■ DATA EXTRACT:
((

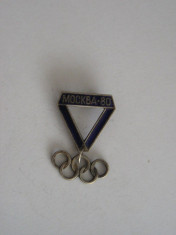 WRW3 - INSIGNA - STRAINA - COMUNISTA - SPORTIVA - OLIMPIADA DE LA MOSCOVA - 1980 foto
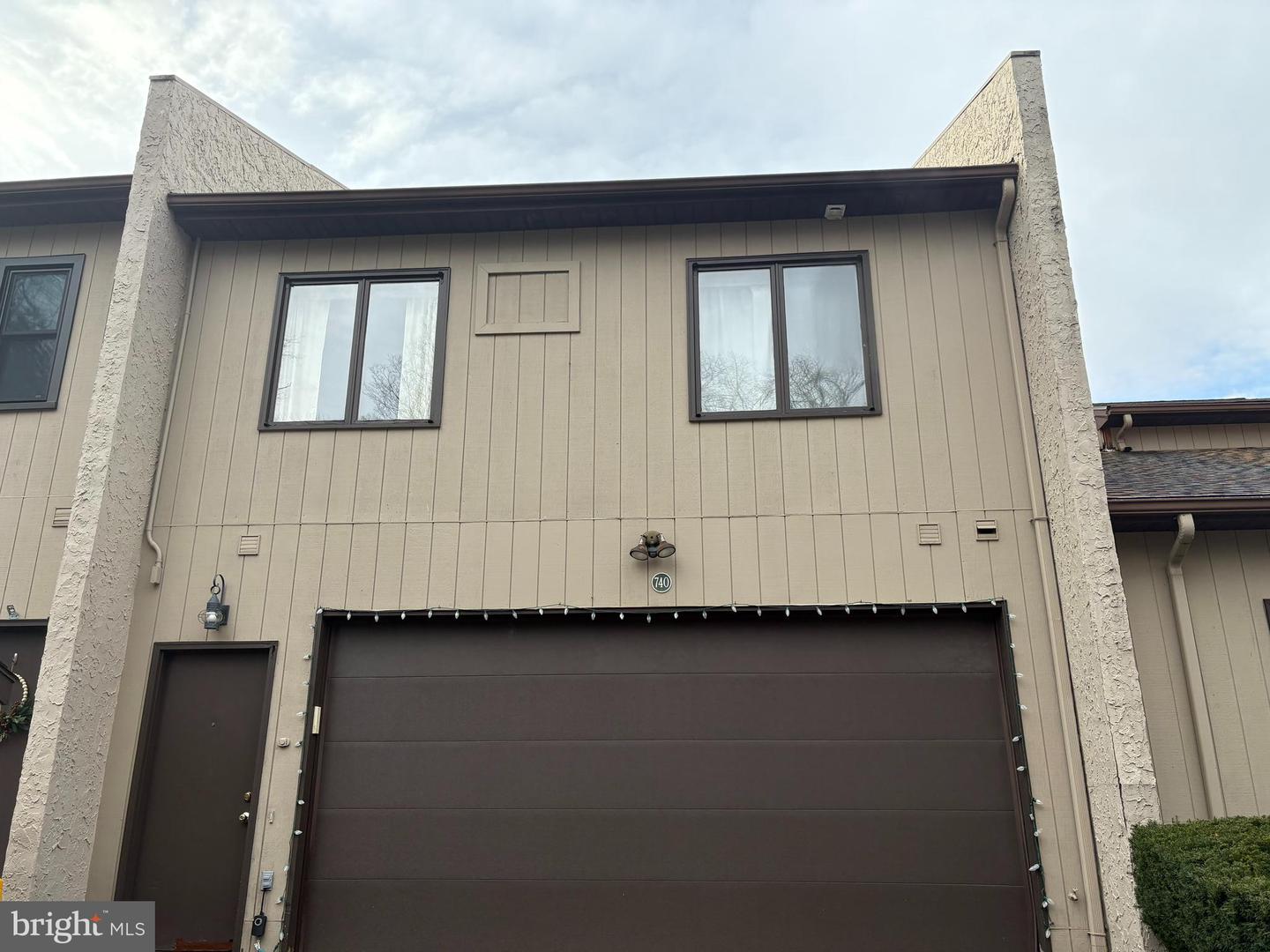 740 W Aaron Dr Property Photo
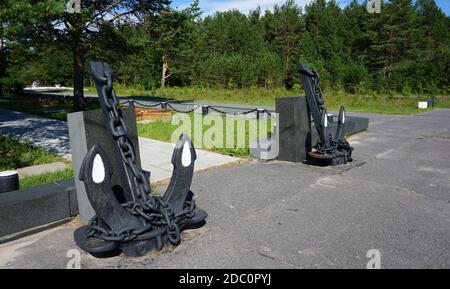Schwarze Anker am Kriegsdenkmal nahe dem Weißen Meer Stockfoto
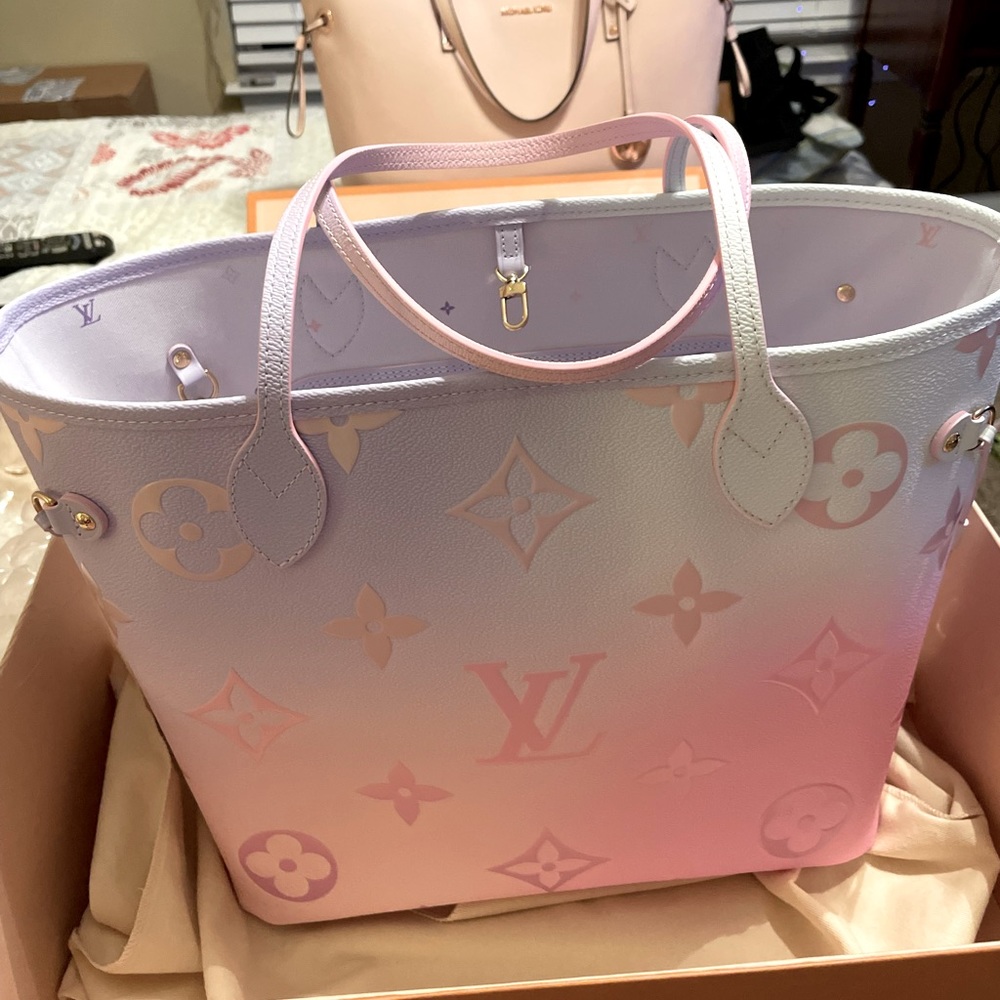 Brand new Louis Vuitton Neverfull in Pastel Sunrise. Authentic & brand new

))

■ WHAT YOU NEED TO DO: Set down the material exactly as given, but print none of the pictures.

■ SOLUTION FOR THIS PROBLEM:
 WRW3 - INSIGNA - STRAINA - COMUNISTA - SPORTIVA - OLIMPIADA DE LA MOSCOVA - 1980 foto
 740 W Aaron Dr Property Photo
Schwarze Anker am Kriegsdenkmal nahe dem Weißen Meer Stockfoto
 Brand new Louis Vuitton Neverfull in Pastel Sunrise. Authentic & brand new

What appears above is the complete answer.